Marina Manda Lembranças D ias inquietantes são esses em que a literatura é vista por um único viés, e em que livros para crianças e jov...
Marina Manda Lembranças
Mês passado, um livro antigo de Ana Maria Machado foi acusado, nas redes, de apologia do suicídio. Em resposta às mensagens de pais preocupados, a editora Global publicou uma nota explicando que o fato da personagem comer uma maçã para entrar no mundo dos sonhos era "um processo poético”.
Pais zelosos e pouco afeitos com processos poéticos, certamente atirariam ao fogo da inquisição “Alice no País das Maravilhas”. Aquela garrafinha com escrito “BEBA-ME”, cujo conteúdo a faz diminuir, é uma clara incitação às drogas. E aquele bolinho com escrito “COMA-ME” é sem dúvida um daqueles bolos de maconha que fizeram sucesso na década de 80. Não bastasse isso, Alice chuta um lagarto que sai voando pela chaminé, num evidente desrespeito aos animais, desrespeito duplicado com o aparecer de uma Tartaruga Falsa destinada a tornar-se Sopa de Tartaruga. E não só a Lagarta Azul fuma algo muito suspeito no narguilé, como diz para Alice comer um cogumelo — e cogumelos todo mundo sabe que efeitos podem ter.

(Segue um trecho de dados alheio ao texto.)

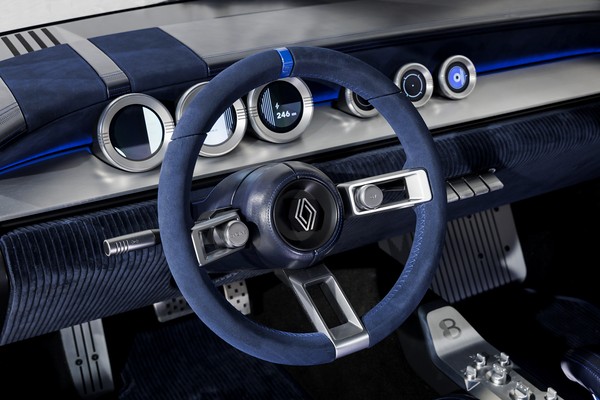 Renault показала электрический концепт 8 Gordini мощностью 270 л.с.: передняя панель со стороны водителя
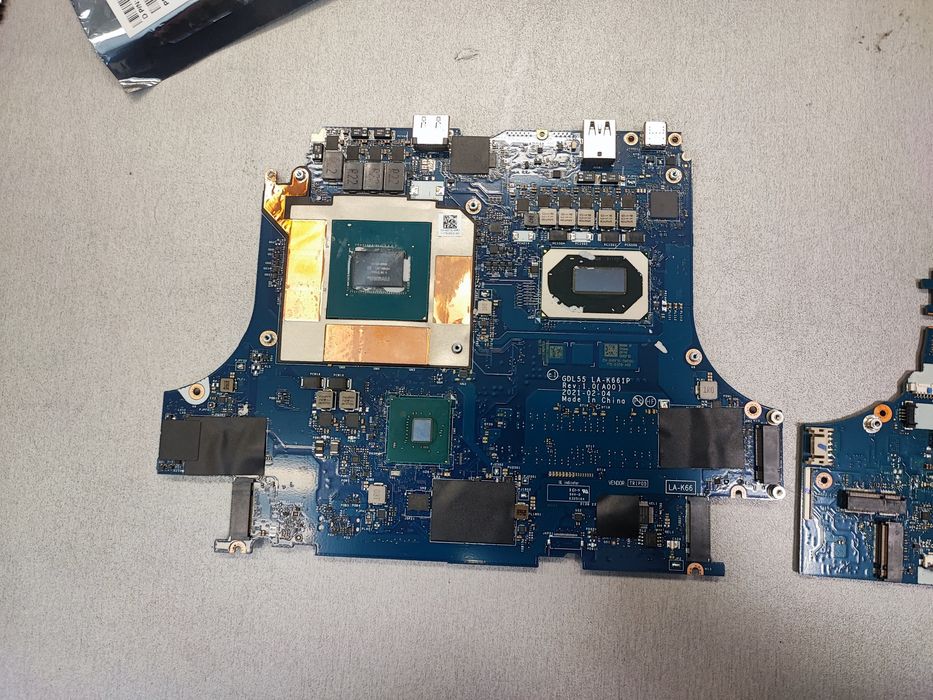 Нерабочие материнский платы для ноутбуков.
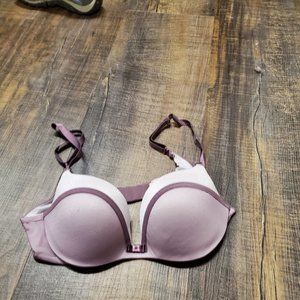 Incredible by Victoria’s Secret lined Demi 34B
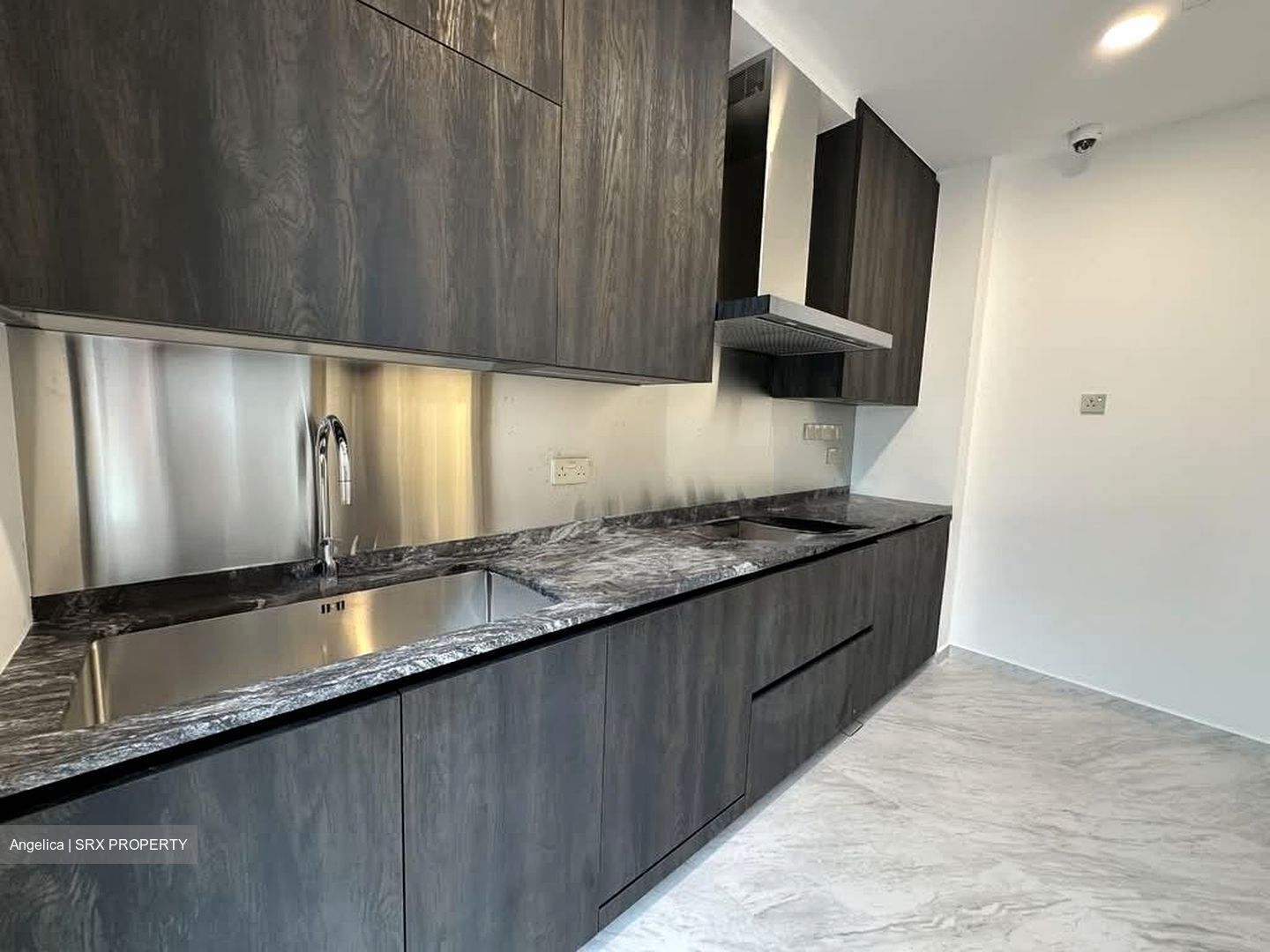 Shrewsbury Road (D11), Terrace #529954591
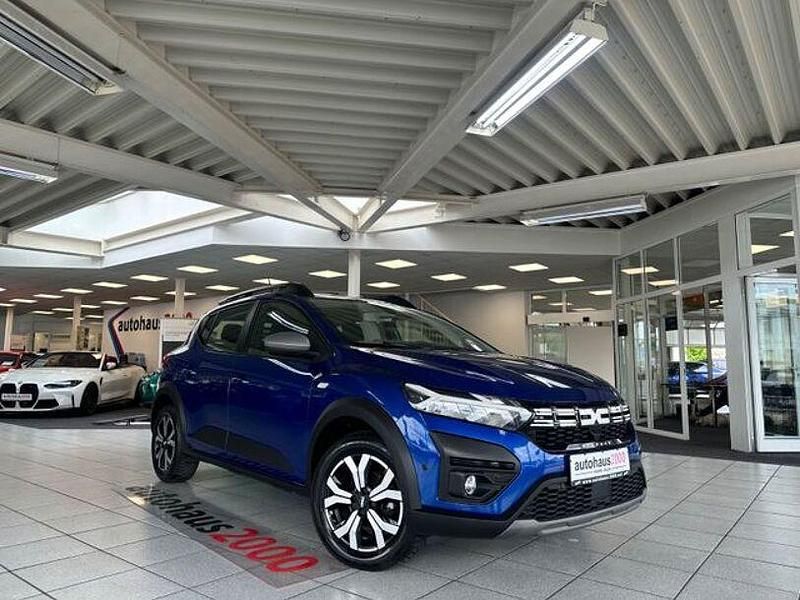 Blau Gebraucht 2023 Dacia Sandero Expression Kleinwagen | 15.450 € (Fairer Preis) - Bild 1/4
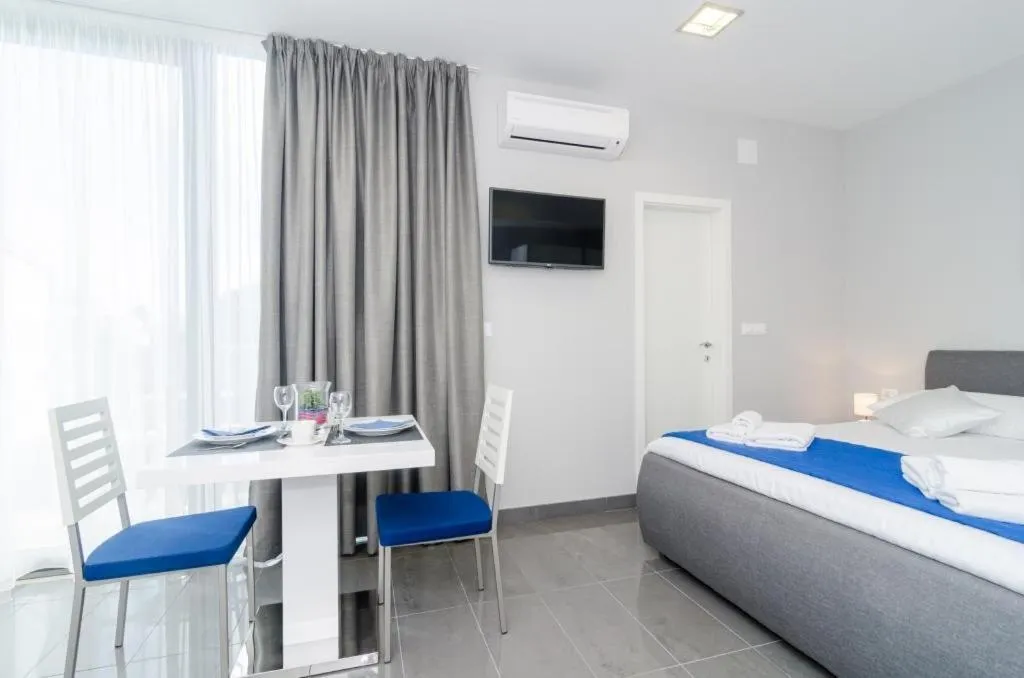 Dining area, Bed in Apartments ZoomZoom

“Caçadas de Pedrinho” de Lobato foi vetado em 2010 pelo Conselho Nacional de Educação por ter passagens racistas. Ainda bem que o Conselho não se ocupou de “As Aventuras de Tom Sawyer”, onde Mark Twain, considerado o pai do romance americano, fala de linchagens e escravatura, e ainda acrescenta um índio feroz e perverso. Pouco importa Twain ter dito que a maioria das aventuras do seu livro era baseada em experiências reais, e o fato dele próprio apoiar a abolição da escravatura e defender a igualdade de direitos para as mulheres. O que conta para inquisidores não é a realidade em que o livro se insere.
Em 2017, o Ministério da Educação recolheu o livro de José Mauro Brandt, porque em um dos contos uma menina é pedida em casamento pelo próprio pai. Na época, todos respiramos aliviados pelo Ministério não ter recolhido as antologias de Charles Perrault com seu lindo “Pele de Asno” em versos. E não ter vetado o filme de Jacques Demy que qualquer criança pode ver, devidamente legendado, no seu computador.

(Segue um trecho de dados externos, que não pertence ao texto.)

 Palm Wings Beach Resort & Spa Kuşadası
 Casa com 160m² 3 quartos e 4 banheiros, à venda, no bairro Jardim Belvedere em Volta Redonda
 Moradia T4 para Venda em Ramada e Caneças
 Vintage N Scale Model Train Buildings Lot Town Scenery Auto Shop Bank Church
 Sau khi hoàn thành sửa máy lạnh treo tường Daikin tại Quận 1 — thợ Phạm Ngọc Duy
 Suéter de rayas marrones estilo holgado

E agora temos o caso do Colégio Santo Agostinho, que retirou da lista de leitura do sexto ano o livro “Meninos sem pátria” de Luiz Puntel, lançado em 1981. O colégio atendeu pedido de pais, segundo os quais o romance “doutrina crianças com ideologia comunista”. Também neste caso, como no de Tom Sawyer, a narrativa é inspirada na realidade, o caso do jornalista mineiro José Maria Rabêlo, obrigado pela ditadura militar a se exilar com a mulher e os sete filhos. Puntel pegou leve, diminuiu para dois o número de filhos do seu personagem ficcional.
O pente da censura — e por que censura numa democracia? — para no politicamente correto. É onde temos o nó.

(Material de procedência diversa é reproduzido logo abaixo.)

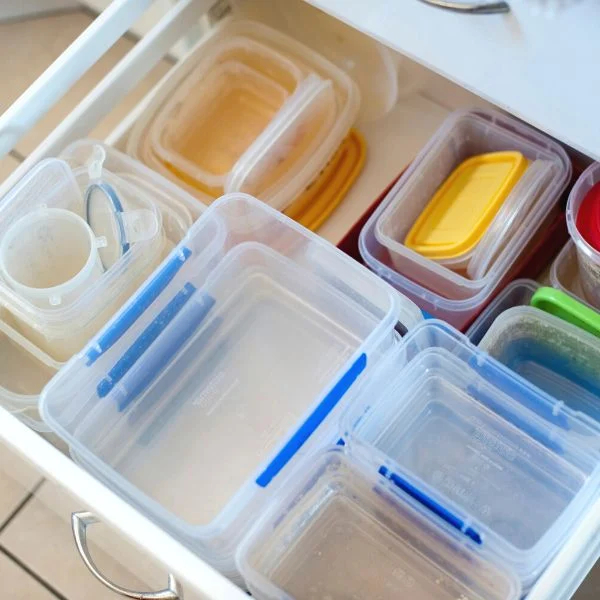 10 Quick and Easy Home Organizing Projects- Think you don't have time to get organized? Think again! These minimalist organizing projects take less than 30 minutes and make a massive impact on your home’s daily flow. From taming the Tupperware cabinet to clearing your digital desktop and streamlining the entryway "drop zone," these bite-sized tasks are perfect for a quick reset. Click to find a project you can finish today! | #HomeOrganization #DeclutteringTips #OrganizingHacks #TidyHome #ACultivatedNest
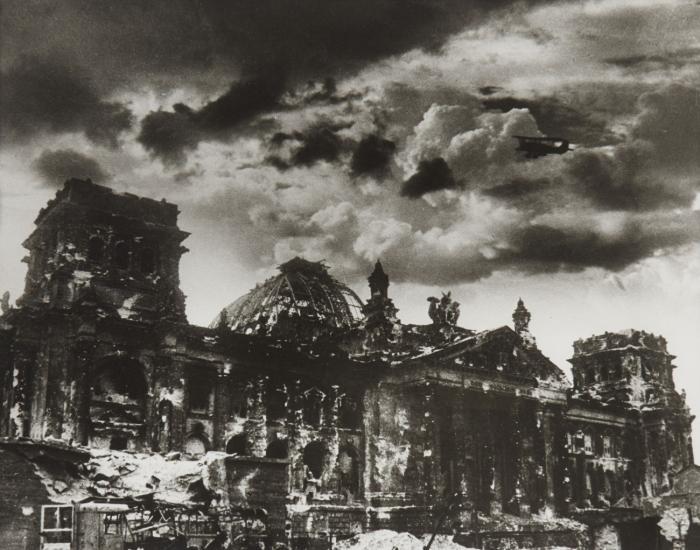 EIN FLUGZEUG ÜBER DEM ZERSTÖRTEN REICHSTAG (VARIANTE MIT RAUCHWOLKEN)
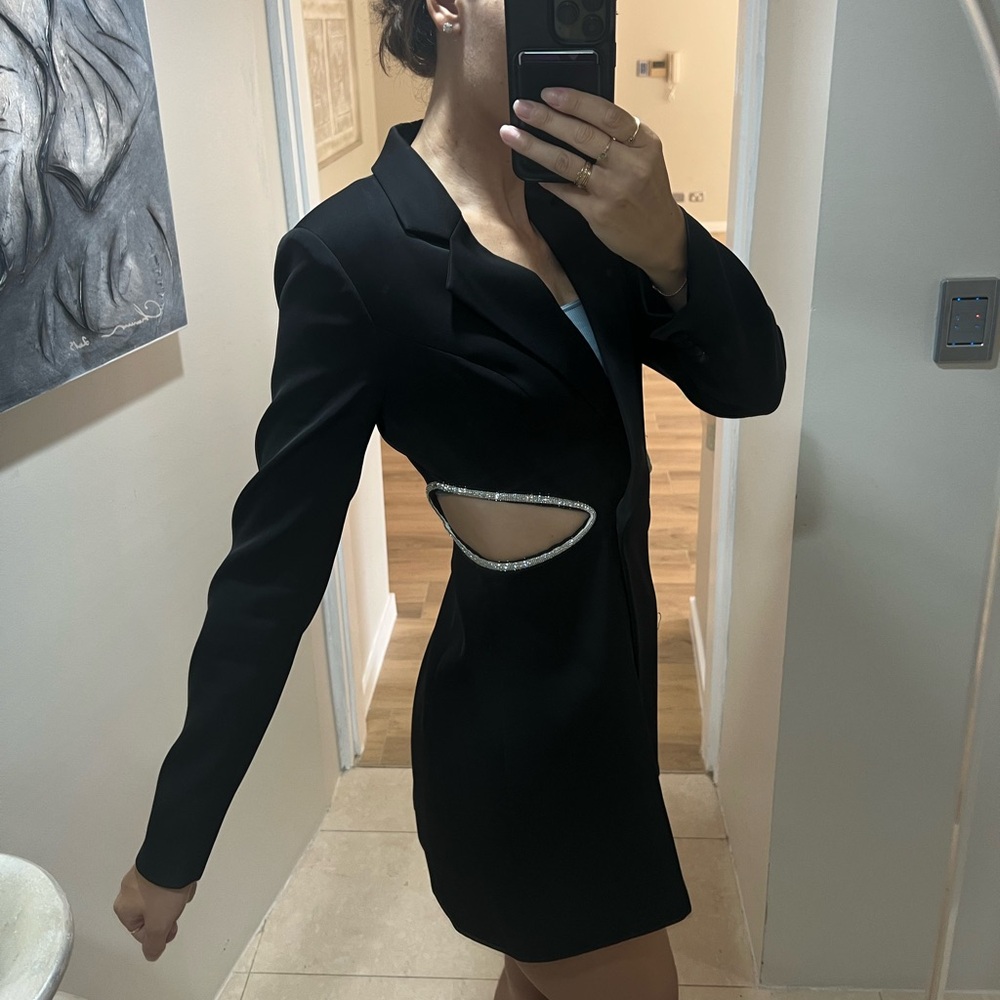 Meshki Shyann Diamante Cut Out Blazer Dress in XS - Picture 10 of 11
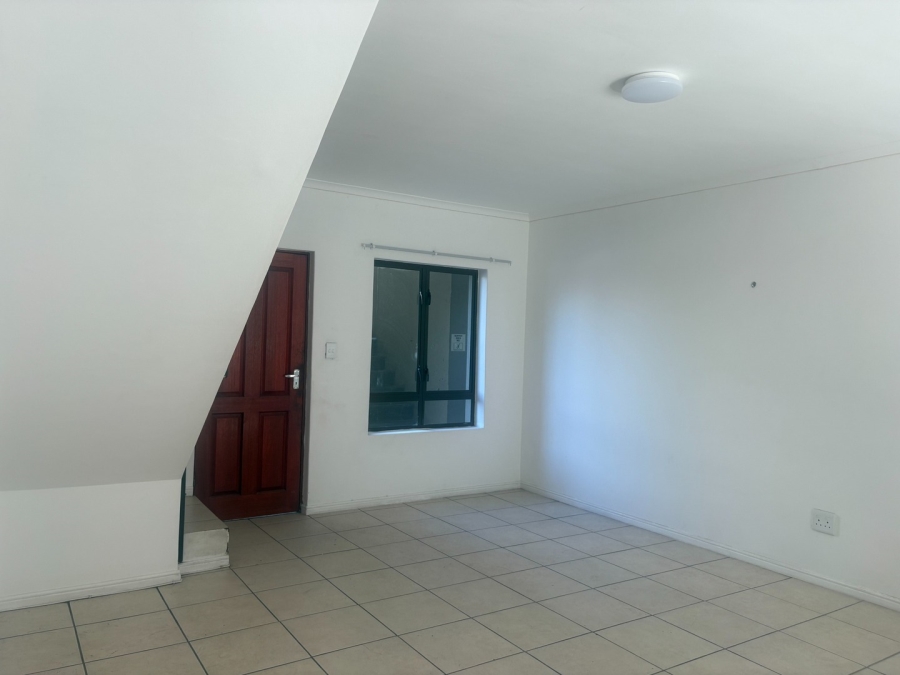 To Let 3 Bedroom Property for Rent in Parklands Western Cape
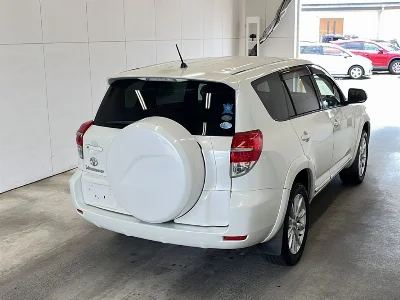 TOYOTA VANGUARD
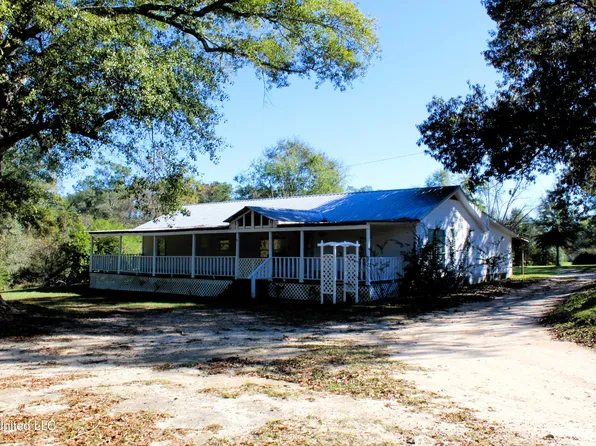 137 Mason Rd, Lucedale, MS 39452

Gregório Samsa acordou transformado em um horrível inseto, Robinson Crusoe salva a vida do nativo Sexta-Feira mas faz dele seu escravo, Gulliver deixa evidente a supremacia dos mais altos sobre os baixinhos. Três grandes obras da literatura universal seriam jogadas às chamas se vistas pela estreita fresta do politicamente correto.
Os que olham por ela esquecem que o politicamente correto muda, enquanto a literatura permanece. Assim como esquecem — ou ignoram — que o valor da literatura está menos nas belas palavras, do que no retrato do ser humano que traça com elas. Um retrato universal e, como tal, cheio de diferenças.
Os que olham com óculos plurais sabem que quanto mais pontos de vista forem fornecidos às crianças, mais aptas elas estarão para enfrentar a vida.
Guardo uma antiga camiseta do projeto Prazer de Ler. Na estampa, um homem lê um livro sob um céu coalhado de estrelas. Assim é a literatura, cada livro uma estrela com sua própria magnitude cintilando para clarear a escuridão.